:: Collected material ::
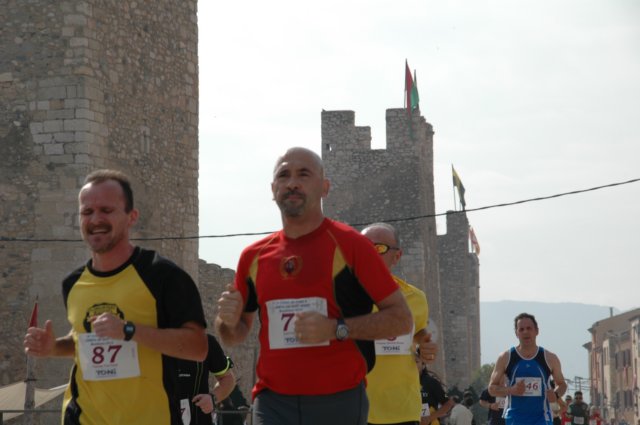 cursa1demaig84.jpg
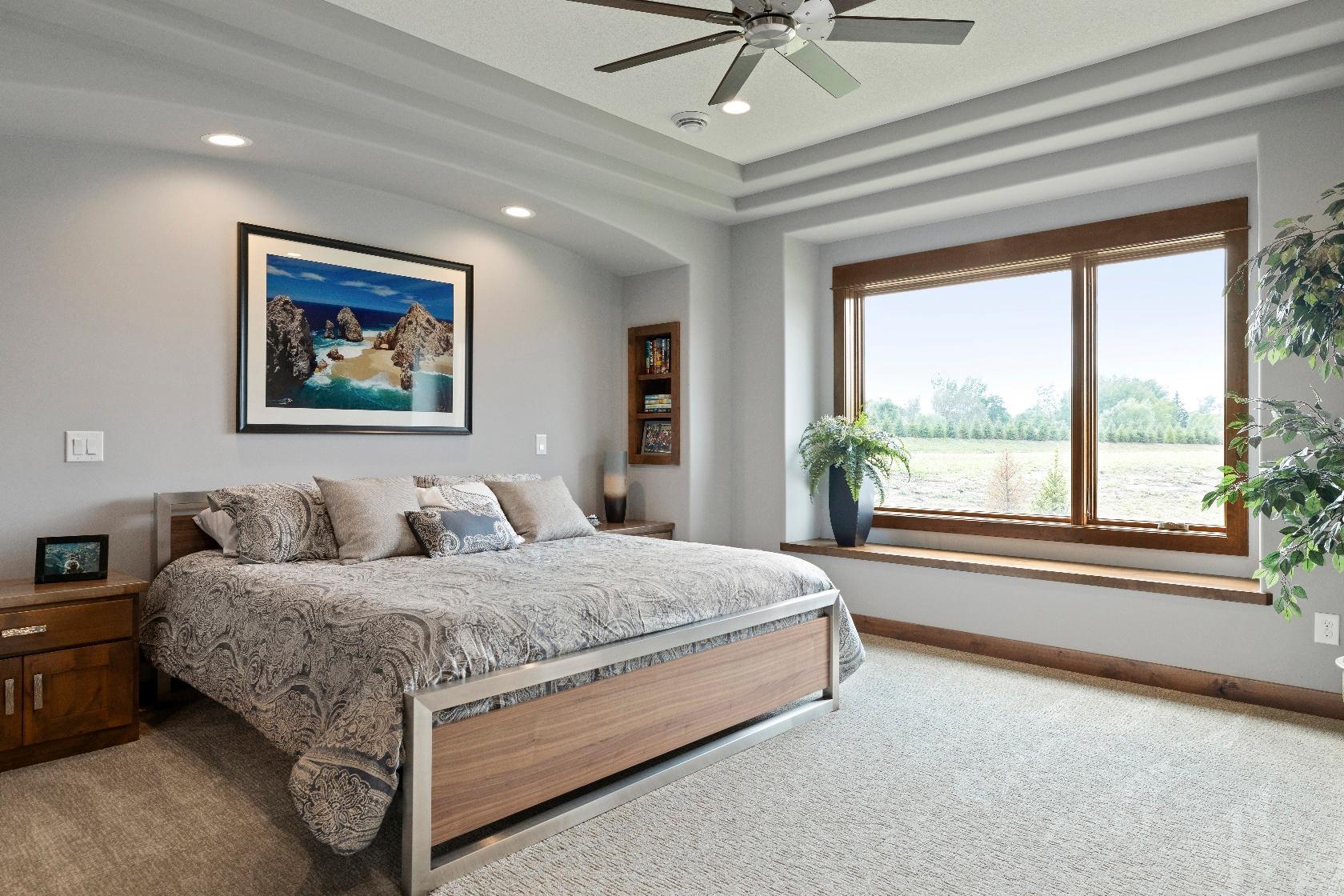 View of Residential at 2535 110th Court, Blaine MN 55449, Blaine (22 of 37) - Mike Wilen | Minnesota Team Real Estate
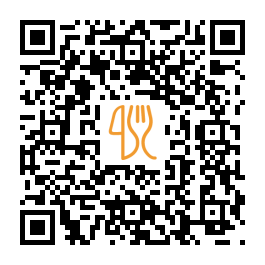 Enlace de código QR al menú de 898 Kitchen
:::
Work order: Keep the pictures out of the copy and write out the data exactly as it stands.

Written response:
 cursa1demaig84.jpg
 View of Residential at 2535 110th Court, Blaine MN 55449, Blaine (22 of 37) - Mike Wilen | Minnesota Team Real Estate
 Enlace de código QR al menú de 898 Kitchen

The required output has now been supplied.